T-Mobile US and Sprint Corp, two of the most popular wireless carriers in the United States of America, have had their merger deal worth $26.5 billion on halt following an accusation that the deal violates the U.S antitrust laws. On Wednesday, the two companies are likely to present their argument to a federal judge and request approval for the merger.
As per the lawsuit filed against the merger deal in June, consumers are likely to face a sharp increase in prices following the merger. On the contrary, Sprint and T-Mobile have reiterated on multiple occasions that the merger will enable the two wireless carriers to effectively compete against rivals such as AT&T and Verizon Communications.
Trial Proceeded In Manhattan Federal Court For Over 2 Weeks In December
The trial had proceeded in Manhattan federal court for more than two weeks in December. On Wednesday, U.S District Court Judge, Victor Marrero, is expected to have both the parties submit their closing arguments.
The deal received approval from the U.S Justice Department last July as the carriers pledged to sell some of their assets to Dish Network Corp (satellite provider) that showed interest in establishing a new cellular network.
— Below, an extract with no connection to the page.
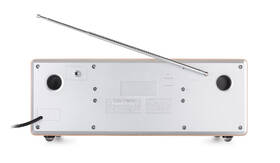 Mikrosystém GoGEN IR 267 BTDAB stříbrný/hnědý

 obrázek produktu 5 z 11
The condition was directed at ensuring that the market will continue to have four competitors. As of October, the Federal Communications Commission had signed the deal.
T-Mobile CEO, John Legere, had previously testified that at the current pace of deterioration, Sprint will be out of business in 2020 if it is prevented from merging with T-Mobile. As per the sources, the wireless carriers have suggested themselves in the trial to sell a part of Sprint’s wireless spectrum and prepaid business to Dish Network Corp that will support its plans of launching a new carrier to preserve the 4th market player in the industry.
States Highlight Dish’s Lack Of Resources And Experience To Become A Wireless Carrier
California and New York led states, on the other hand, had argued that Dish lacked resources and experience to come out as a strong competitor for the U.S wireless carriers.
Sprint Corp had printed a yearly high of around $8 in the stock market in July following the Justice Department’s approval for its merger with T-Mobile. Due to the states filing in the federal court and the associated complications, the stock continued to drop in the second half of 2019 and closed the year at $5.21 per share. At the time of writing, the stock is exchanging hands at an even lower $4.86 per share.